Monday, February 7, 2011

My Capricon 2010 Schedule

As those of you who follow my free newsletter know, I'm appearing at Capricon 2010, in suburban Chicagoland this weekend.  (February 11-13, 2010)

Here's a rundown of the events/panels I'm appearing at.  Hope to see you there!

D & D - The Beginning - Friday, 02-11-2011 - 11:30 am to 1:00 pm - Lake Michigan B
C'mon, we've all played a little D & D at some point, right? Stephen Sullivan joined TSR as part of the development team for Dungeons & Dragons. Come get the inside scoop on how the world's most famous role playing game came to be.
Stephen D. Sullivan

Breaking Into the Gaming Industry - Friday, 02-11-2011 - 2:30 pm to 4:00 pm - Ravinia B (Teen Lounge)
Got an idea for the next D & D or WoW? Learn from the pros how to get into the gaming industry and succeed.
David Abzug
Brian Babendererde
Stephen D. Sullivan (M)

A Celebration of Bad Films, Part Deux - Friday, 02-11-2011 - 8:30 pm to 10:00 pm - Willow
We couldn't cover them all last year, so welcome back for Part Deux! They are the films you claim never to have seen, but when they come on cable, you can't turn away. You might even have a copy on DVD hidden behind the more sociably acceptable porn. What movies make Plan 9 From Outer Space look like a masterpiece of plotting, character, and special effects? 
Br. Guy Consolmagno
Lee Darrow
Dave McCarty
Paul McComas (M)
Stephen D. Sullivan

Reading: Stephen Sullivan - Saturday, 02-12-2011 - 10:00 am to 10:30 am - River AB (Cafe)

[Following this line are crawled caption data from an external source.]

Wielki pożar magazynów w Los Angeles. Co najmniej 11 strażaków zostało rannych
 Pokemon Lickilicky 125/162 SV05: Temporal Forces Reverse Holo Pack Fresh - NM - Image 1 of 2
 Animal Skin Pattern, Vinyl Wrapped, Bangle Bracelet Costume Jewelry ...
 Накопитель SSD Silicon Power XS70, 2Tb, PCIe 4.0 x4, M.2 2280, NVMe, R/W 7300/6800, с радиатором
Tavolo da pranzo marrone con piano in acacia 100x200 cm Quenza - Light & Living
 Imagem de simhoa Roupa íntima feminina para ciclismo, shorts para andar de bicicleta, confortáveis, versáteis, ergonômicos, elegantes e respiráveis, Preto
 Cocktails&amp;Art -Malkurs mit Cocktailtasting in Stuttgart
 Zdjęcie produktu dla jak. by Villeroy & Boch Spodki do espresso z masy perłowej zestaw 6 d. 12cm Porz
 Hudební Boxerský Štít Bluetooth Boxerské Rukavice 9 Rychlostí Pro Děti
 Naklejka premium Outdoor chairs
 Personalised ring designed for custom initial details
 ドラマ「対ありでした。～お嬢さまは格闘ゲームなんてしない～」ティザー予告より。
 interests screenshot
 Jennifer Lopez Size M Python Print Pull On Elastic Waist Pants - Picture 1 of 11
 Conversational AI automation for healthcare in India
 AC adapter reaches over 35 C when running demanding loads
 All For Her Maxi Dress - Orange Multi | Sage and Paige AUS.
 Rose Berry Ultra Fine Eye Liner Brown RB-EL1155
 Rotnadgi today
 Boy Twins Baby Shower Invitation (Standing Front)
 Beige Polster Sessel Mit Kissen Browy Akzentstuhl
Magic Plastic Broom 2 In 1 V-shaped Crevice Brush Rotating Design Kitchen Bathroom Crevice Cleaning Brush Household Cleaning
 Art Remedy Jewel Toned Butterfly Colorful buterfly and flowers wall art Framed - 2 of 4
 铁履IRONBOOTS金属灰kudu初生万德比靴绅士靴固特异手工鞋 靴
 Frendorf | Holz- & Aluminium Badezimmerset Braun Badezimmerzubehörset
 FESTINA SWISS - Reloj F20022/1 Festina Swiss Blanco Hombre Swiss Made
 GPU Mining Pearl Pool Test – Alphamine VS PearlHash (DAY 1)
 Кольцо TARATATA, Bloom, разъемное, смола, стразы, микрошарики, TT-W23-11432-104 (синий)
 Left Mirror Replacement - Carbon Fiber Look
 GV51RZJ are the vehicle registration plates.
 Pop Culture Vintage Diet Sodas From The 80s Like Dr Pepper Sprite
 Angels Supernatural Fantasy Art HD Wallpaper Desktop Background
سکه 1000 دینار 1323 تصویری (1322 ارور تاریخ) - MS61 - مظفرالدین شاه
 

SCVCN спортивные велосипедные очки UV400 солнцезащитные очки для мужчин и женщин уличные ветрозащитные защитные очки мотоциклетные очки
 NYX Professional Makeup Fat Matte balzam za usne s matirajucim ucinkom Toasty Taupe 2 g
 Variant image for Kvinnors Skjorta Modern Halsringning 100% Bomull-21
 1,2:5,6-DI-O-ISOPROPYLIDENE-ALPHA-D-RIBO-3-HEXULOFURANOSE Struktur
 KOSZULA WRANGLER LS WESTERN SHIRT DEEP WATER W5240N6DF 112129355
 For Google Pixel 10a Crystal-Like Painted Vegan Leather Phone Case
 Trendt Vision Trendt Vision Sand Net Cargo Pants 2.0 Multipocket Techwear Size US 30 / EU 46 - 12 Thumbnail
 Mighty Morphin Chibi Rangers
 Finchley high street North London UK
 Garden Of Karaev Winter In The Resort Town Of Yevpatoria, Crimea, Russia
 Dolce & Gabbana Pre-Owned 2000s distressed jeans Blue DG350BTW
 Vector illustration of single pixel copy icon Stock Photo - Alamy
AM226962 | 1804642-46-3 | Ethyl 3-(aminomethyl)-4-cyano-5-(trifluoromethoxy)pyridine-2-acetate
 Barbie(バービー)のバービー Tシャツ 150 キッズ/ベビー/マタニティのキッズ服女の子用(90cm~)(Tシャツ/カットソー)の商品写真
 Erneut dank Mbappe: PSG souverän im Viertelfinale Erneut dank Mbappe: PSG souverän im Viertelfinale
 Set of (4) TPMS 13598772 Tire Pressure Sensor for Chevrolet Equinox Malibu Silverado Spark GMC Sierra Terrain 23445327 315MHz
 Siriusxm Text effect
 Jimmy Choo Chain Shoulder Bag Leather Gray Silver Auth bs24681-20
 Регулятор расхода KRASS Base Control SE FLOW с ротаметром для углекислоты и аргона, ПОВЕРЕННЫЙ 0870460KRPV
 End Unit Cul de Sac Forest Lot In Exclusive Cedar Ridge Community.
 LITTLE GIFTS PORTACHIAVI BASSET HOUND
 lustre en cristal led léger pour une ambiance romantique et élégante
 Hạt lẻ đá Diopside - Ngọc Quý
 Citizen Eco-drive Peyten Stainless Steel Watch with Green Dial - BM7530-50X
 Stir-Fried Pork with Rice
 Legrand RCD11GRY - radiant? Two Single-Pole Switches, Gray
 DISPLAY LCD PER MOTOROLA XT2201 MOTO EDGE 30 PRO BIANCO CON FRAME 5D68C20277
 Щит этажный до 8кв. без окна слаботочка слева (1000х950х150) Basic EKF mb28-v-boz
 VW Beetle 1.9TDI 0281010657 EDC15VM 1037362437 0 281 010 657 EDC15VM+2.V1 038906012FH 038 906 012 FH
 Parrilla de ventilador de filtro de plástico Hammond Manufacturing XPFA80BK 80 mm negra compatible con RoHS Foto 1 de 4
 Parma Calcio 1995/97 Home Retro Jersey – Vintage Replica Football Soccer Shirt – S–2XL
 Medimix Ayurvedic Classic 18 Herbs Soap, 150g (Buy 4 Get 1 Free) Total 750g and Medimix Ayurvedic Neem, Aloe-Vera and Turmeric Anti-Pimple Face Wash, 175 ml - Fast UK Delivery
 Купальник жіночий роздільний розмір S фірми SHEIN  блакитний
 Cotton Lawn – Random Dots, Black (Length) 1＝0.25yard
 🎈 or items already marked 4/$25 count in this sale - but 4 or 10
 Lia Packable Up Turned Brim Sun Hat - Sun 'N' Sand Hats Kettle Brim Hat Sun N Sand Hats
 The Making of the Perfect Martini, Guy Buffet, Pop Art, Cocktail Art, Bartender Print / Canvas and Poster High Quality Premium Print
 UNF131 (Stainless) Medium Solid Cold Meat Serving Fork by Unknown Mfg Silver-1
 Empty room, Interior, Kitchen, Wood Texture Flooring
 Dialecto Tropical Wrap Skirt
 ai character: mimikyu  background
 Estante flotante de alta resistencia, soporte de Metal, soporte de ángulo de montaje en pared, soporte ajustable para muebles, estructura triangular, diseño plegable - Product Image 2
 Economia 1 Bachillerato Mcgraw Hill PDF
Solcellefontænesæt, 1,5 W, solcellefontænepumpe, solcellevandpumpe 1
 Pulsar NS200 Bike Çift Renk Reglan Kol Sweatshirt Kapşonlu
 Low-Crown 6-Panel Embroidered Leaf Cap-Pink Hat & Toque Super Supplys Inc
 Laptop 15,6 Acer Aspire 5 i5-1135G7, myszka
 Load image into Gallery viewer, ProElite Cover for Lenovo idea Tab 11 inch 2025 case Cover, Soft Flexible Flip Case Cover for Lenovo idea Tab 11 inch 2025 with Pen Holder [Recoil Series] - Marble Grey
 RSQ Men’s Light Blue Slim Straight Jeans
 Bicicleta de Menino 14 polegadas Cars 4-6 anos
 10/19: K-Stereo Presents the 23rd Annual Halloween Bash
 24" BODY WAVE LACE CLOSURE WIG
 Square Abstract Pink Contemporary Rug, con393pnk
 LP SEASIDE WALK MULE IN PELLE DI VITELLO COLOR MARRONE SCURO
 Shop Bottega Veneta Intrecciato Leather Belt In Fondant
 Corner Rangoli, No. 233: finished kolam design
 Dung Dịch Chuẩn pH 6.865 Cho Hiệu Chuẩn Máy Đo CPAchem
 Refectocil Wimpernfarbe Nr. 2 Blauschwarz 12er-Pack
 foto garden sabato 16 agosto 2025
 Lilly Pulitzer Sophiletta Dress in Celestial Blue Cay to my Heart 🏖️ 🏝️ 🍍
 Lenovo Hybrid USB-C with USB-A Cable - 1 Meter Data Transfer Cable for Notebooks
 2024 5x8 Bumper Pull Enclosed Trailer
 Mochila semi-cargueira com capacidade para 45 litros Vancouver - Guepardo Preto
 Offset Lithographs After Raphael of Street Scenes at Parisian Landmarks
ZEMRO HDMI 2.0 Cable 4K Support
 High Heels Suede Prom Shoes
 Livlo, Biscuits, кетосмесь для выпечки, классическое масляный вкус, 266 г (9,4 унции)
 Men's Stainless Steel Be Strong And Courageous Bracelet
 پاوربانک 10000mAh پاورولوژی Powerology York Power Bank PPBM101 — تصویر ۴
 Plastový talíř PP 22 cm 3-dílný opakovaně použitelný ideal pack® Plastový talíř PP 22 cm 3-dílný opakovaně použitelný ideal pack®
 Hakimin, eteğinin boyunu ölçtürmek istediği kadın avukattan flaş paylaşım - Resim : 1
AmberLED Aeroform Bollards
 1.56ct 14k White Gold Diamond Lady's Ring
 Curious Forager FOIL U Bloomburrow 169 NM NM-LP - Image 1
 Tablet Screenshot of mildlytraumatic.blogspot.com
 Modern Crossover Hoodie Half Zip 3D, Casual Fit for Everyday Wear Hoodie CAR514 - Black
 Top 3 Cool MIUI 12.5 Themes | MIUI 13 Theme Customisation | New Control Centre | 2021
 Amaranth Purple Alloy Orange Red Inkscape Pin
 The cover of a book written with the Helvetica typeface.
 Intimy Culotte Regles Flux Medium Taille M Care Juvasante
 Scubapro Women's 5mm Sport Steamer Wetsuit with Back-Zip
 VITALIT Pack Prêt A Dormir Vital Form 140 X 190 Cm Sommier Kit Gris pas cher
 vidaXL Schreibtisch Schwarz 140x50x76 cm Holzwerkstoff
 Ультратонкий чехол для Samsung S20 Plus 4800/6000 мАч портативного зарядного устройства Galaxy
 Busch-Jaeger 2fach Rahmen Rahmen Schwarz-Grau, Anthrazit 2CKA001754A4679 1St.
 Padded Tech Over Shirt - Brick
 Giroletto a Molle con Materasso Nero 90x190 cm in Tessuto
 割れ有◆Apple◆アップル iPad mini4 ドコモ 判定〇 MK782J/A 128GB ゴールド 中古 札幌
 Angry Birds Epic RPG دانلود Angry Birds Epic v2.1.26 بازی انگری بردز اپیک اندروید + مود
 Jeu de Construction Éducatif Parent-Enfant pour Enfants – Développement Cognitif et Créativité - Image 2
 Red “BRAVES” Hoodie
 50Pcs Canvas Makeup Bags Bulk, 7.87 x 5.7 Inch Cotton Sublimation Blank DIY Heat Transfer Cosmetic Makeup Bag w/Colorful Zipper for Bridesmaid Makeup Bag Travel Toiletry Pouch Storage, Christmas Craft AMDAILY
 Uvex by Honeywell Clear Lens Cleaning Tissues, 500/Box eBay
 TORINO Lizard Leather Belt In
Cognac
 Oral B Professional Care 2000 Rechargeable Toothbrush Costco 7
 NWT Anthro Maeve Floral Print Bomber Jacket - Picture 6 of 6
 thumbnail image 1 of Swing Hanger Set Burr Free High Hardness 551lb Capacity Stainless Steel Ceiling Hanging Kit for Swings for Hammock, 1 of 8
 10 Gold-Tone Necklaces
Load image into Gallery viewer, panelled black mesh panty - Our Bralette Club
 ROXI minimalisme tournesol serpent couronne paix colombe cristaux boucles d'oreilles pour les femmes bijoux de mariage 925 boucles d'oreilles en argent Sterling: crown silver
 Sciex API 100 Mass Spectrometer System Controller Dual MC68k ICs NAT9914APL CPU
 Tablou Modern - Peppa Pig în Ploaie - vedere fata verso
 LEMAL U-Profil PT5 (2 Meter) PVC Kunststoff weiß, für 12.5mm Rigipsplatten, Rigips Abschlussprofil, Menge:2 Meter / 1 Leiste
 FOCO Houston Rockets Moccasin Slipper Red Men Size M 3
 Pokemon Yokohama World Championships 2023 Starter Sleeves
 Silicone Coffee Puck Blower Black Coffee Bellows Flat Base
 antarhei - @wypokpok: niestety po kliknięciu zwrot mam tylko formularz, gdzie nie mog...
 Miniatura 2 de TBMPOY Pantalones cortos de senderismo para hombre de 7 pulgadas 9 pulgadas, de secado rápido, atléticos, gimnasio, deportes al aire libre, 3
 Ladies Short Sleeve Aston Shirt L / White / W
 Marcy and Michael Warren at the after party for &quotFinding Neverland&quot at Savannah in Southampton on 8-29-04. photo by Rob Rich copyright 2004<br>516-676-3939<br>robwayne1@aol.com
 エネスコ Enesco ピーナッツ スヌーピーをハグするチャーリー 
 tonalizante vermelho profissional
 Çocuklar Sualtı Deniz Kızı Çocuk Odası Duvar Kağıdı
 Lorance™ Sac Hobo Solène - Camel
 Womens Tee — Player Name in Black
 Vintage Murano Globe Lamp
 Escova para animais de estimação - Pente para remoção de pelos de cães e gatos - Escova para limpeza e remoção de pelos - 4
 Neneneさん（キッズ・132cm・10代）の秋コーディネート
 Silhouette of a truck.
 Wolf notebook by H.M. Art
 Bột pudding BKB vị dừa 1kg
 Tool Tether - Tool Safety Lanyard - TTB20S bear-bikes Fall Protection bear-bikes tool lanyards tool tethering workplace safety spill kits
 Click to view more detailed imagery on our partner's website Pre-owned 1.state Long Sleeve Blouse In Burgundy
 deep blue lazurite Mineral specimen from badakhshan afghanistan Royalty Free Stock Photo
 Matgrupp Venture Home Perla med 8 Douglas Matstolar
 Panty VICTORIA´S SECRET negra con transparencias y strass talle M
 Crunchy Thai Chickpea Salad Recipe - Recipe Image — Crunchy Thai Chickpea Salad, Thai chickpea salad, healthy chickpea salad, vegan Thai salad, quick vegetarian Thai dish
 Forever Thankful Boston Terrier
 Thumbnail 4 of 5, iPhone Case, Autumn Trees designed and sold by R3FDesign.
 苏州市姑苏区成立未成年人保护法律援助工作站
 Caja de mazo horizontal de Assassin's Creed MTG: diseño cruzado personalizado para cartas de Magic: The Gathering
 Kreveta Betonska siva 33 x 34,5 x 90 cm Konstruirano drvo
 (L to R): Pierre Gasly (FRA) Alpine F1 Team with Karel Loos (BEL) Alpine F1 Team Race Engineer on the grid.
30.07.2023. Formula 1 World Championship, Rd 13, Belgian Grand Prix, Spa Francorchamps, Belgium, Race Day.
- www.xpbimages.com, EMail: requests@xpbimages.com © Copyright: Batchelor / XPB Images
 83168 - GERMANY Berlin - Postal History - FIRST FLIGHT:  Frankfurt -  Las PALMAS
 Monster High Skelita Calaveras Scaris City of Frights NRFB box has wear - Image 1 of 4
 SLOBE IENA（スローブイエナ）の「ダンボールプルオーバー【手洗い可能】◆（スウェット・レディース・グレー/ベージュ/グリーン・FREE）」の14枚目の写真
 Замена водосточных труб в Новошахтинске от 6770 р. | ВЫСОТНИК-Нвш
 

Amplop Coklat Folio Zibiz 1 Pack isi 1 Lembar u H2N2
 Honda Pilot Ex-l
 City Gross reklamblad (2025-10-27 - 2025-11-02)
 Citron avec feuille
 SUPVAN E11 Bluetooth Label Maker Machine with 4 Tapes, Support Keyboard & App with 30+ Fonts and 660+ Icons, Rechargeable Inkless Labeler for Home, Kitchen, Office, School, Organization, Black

Autographing: Paul McComas & Stephen D. Sullivan - Saturday, 02-12-2011 - 2:30 pm to 4:00 pm - Autograph Table

Escapist Gaming - Saturday, 02-12-2011 - 8:30 pm to 10:00 pm - Birch B
For most people, a primary childhood escape was "make believe". As "adults", we still escape through games - role playing, board games, online, and others. What are your favorite escapist games?
Donald J. Bingle
Matthew Duhan
Melissa Fichter
Eileen Maksym
Stephen D. Sullivan (M)

Tentacle Love - Sunday, 02-13-2011 - 12:00 pm to 1:30 pm - Birch B
The influence of Lovecraft and Cthulhu on today's SF and horror.
Brian Babendererde
Valli Hoski
Stephen D. Sullivan (M)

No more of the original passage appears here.